Dataset entries:
********
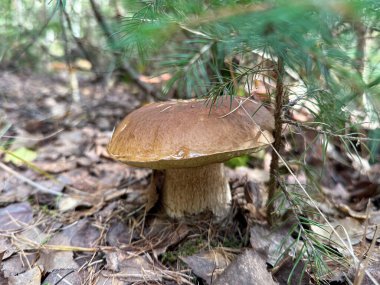 Boletus edulis, cep, penny bun, porcino or porcini is a type species of the genus Boletus. Widely distributed in the Northern Hemisphere across Europe, Asia, and North America. High quality photo clipart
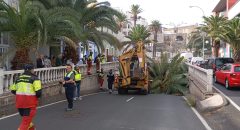 El Ayuntamiento activa los servicios municipales tras la caída de un ejemplar de palmera en Bravo Murillo (2)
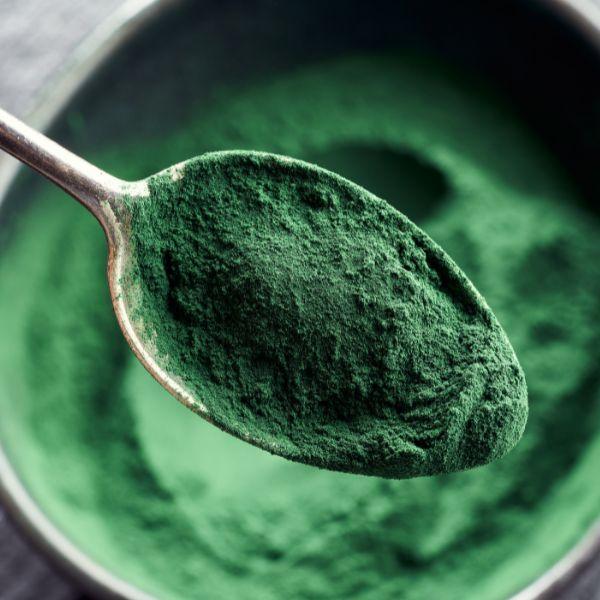 Diferencias entre la Espirulina y la Chlorella - Hierbas Orgánicas de México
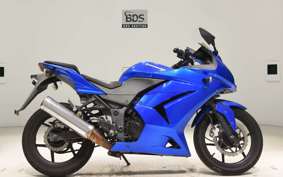 KAWASAKI NINJA 250R 2020 EX250K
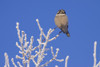 Hawk Owl Perched On Hoarfrosted Branches Near Girdwood On A Below Zero Degree Day In Winter, Southcentral, Alaska PosterPrint - Item # VARDPI2094068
********
Aim of the exercise
Lines from the one holding "El Ayuntamiento activa" to the end of the data, both ends included, are to be given again exactly; no pictures belong in the copy.

Solution
 El Ayuntamiento activa los servicios municipales tras la caída de un ejemplar de palmera en Bravo Murillo (2)
 Diferencias entre la Espirulina y la Chlorella - Hierbas Orgánicas de México
 KAWASAKI NINJA 250R 2020 EX250K
 Hawk Owl Perched On Hoarfrosted Branches Near Girdwood On A Below Zero Degree Day In Winter, Southcentral, Alaska PosterPrint - Item # VARDPI2094068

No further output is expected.